Barry Margolin barmar at genuity.net
Mon Jan 7 23:16:24 UTC 2002


In article <a1d3oj$6lu at pub3.rc.vix.com>, O'Neil,Kevin <oneil at oclc.org> wrote:
>My thinking is that if a class A address is not delegated by the root
>servers and is not in a large BGP table (say from
>http://www.telstra.net/ops/bgp/bgp-active.html) then that address should be
>one included in the bogon ACL even though ARIN's database indicates that the
>address has been delegated to some entity.
>
>A couple of examples are:
>14.0.0.0/8;  //NET-PDN; not in in-addr.arpa zone and not in BGP table
>48.0.0.0/8;  //NET-PRUBACHE; not in in-addr.arpa zone and not in BGP table
>
>Should those (and several others) be added to the "bogon" ACL?  

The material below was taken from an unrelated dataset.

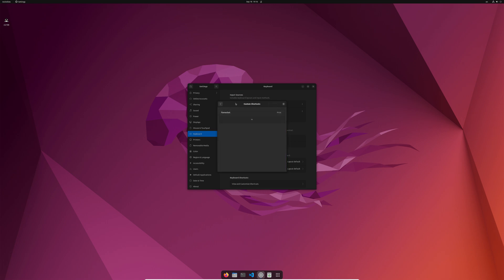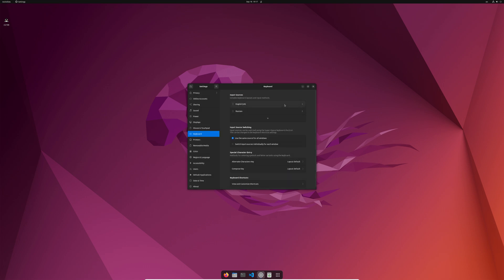custom shortcuts right there. For Flameshot, make sure that your command is Flameshot GUI, the name is Flameshot, and the shortcut is the print key. Once you have done that, you hit the print screen key on your keyboard.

I don't think reverse DNS is a good indication of whether a network block
is in use.  Many organizations don't bother to set up reverse DNS for their
networks (although you'd think that most owners of class A's would).

The BGP table is probably a better indication of which address blocks are
actually in use.

>Also there are a couple of class B addresses mentioned in RFC 2544 that seem
>to be reserved for test networks:
>198.18.0.0/16;  //NETBLK-NDTL;
>198.19.0.0/16;  //NETBLK-NDTL;
>
>Shouldn't those be candidates for "bogon"?
>
>
>Finally, there are 16 reserved class C addresses in the 192 range
>(NET-RESERVED-192*).  Those too?

All the RFC 1918 addresses should be considered bogus, unless you're using
them at your site.

-- 
Barry Margolin, barmar at genuity.net
Genuity, Woburn, MA
*** DON'T SEND TECHNICAL QUESTIONS DIRECTLY TO ME, post them to newsgroups.
Please DON'T copy followups to me -- I'll assume it wasn't posted to the group.